Bisnis.com, JAKARTA - Pemilik konsesi hutan tanaman industri (HTI) diminta untuk lebih memperhatikan keadaan lahan yang menjadi wilayah konsesinya. Perhatian lebih ini, khususnya untuk lahan yang tidak masuk dalam wilayah tanaman pokok.
Peneliti Center for International Forestry Research (CIFOR) Herry Purnomo menyebutkan kebanyakan pemilik konsesi HTI tak memanfaatkan sepenuhnya lahan yang diberikan.
Jumlah lahan yang dimanfaatkan untuk diisi dengan tanaman pokok sesuai kebutuhan industri hanya sekitar 50% dari izin yang diberikan atau bahkan lebih sedikit. Hal inilah yang menurutnya berpotensi ini menjadi tantangan seperti terjadinya kebakaran hutan.

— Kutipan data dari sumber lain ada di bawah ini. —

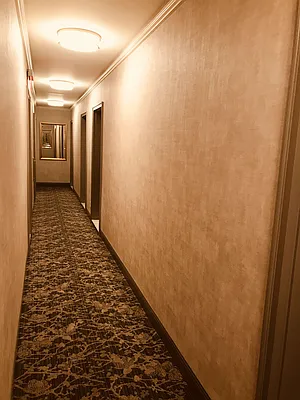 Rented by Metropolis Real Estate of Manhattan | media 48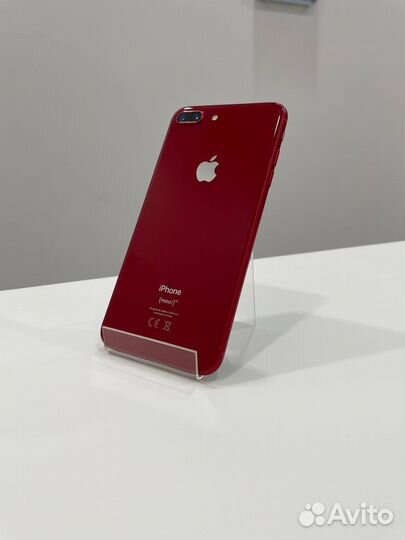 iPhone 8 Plus, 256 ГБ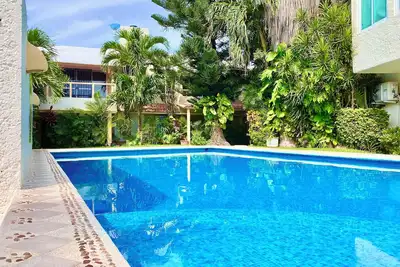 Image de Nichupte by Andiani Travel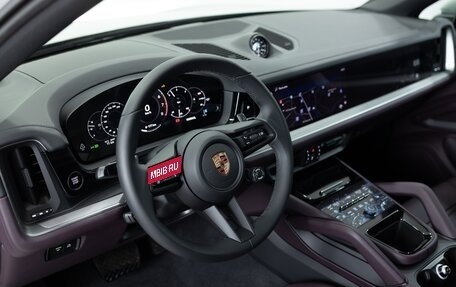 Porsche Cayenne III, 2025 год, 17 990 000 рублей, 10 фотография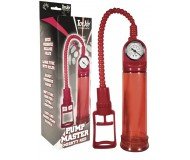 Вакуумная помпа Pump Master mighty red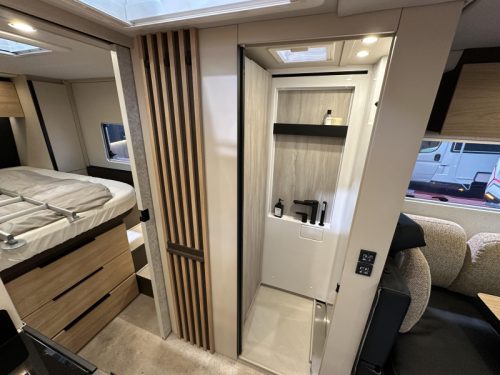 B&uuml;rstner Signature Primeur:Signature SFT 7.4 foto: 13
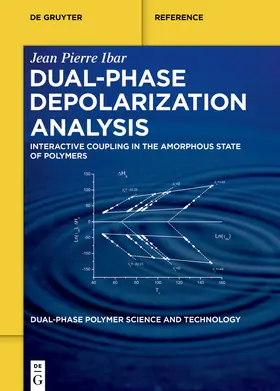Ibar |  Dual-Phase Depolarization Analysis | Buch |  Sack Fachmedien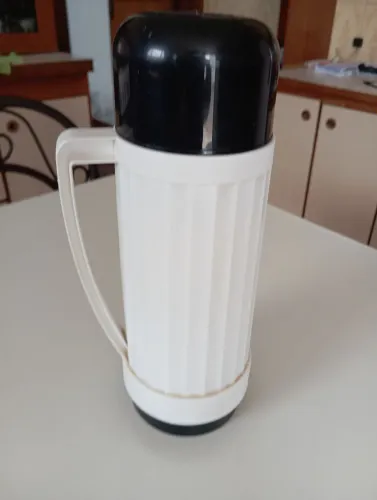 Garrafa Térmica 1 litro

“Jadi sebenarnya tantangan HTI kita itu bukan di akasianya [lahan yang dimanfaatkan untuk menanam tanaman pokok] tapi di area konsesinya. Ketika kebakaran di area konsesi, itu kalau saya lihat sering bukan di tanaman pokoknya tetapi di luar tanaman pokok,” katanya ketika dihubungi Bisnis, Kamis (26/7/2018).
Pemanfaatan lahan yang tidak 100% ini memang bukan sepenuhnya karena perusahaan tidak ingin memanfaatkan izin lahan yang diberikan sebagai area kerja, melainkan adanya faktor lain.
Faktor lain tersebut termasuk sejumlah ketentuan seperti yang tercantum dalam Peraturan Menteri Lingkungan Hidup dan Kehutanan No. P.12/Menlhk-II/2015 yang mewajibkan adanya penyisihan paling sedikit 20% lahan konsesi untuk tanaman kehidupan, juga 10% untuk kawasan lindung.
Di luar itu, kata Herry, jika dalam area konsesi terdapat sungai, maka akan ada sempadan sungai yang juga tidak boleh ditanami. Belum lagi, jika dalam area konsesi terdapat wilayah konflik, secara otomatis, perusahaan pemegang hak konsesi akan enggan untuk melakukan penanaman.
Dengan demikian, pemanfaatan area kerja yang dalam peraturan disebutkan paling banyak 70% ini cenderung lebih rendah.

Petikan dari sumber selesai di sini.